In Muzaffargarh’s Shah Jamal area hundreds of people protested outside the National Database Registration Authority (Nadra) office. The office had been designated as one of the many spots in the district for the distribution of Watan Cards and protestors broke windows and lay down on the main road leading to the office.

Protestors said that the authorities had ‘forged’ the lists of Watan Cards recipients to suit their own ends. “The names on every list include at least thirty people who are relatives of the bank manager or the DO,” said Malik, a flood victim from Layyah.

In Layyah flood-affected people protested for the third day outside a Nadra office for not having received their Watan Cards. Hundreds of flood affected people also observed a sit-in outside the office. Nowshera Nasheb Chak 117 B, 149 B and C affectees said that the revenue staff had not included their names in the list because of personal grudges. “We have been protesting for a while now and the authorities told us that if we protested all our names would be switched with others,” said Khawar Sial, a flood victim who had participated in all the protests. “They have threatened us saying that they will remove our names from the list but it hardly matters since they don’t even place our names on the list,” said Naveed.
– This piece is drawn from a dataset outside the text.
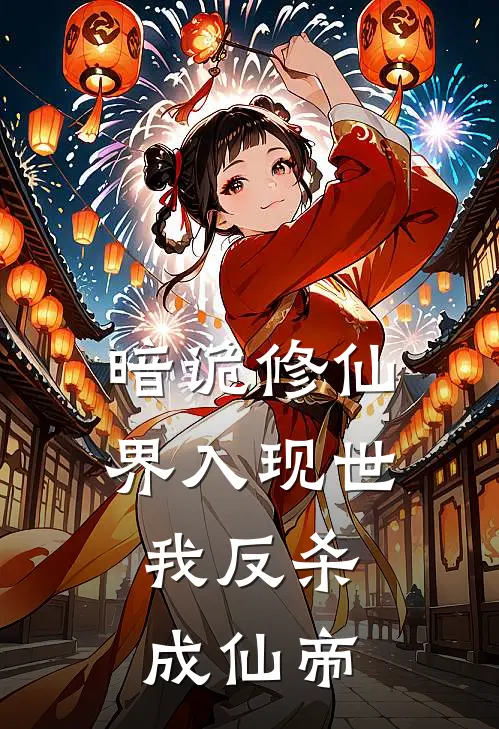 暗诡修仙界入现世,我反杀成仙帝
“These lists seem to be reserved for their friends and family,” he said, accusing the local administration officers.

Flood victims also protested outside the commissioner’s office for not providing them aid, which they said was due to the negligence of the Finance Department. Dozens of Sargodha residents from Jhawarian protested outside the commissioner’s office. The protestors said that they went to their relatives houses to save themselves from the floods but this was being counted against them. “Several of the survey teams told me I wouldn’t get paid for my losses because I already had a roof over my head,” Salman said, adding “They don’t realise that my entire family is cramped in with my sister’s family in one room.”

The protesters said that the Finance Department had not included their names in the list because they were already being given shelter by their relatives.

Published in The Express Tribune, October 17th, 2010.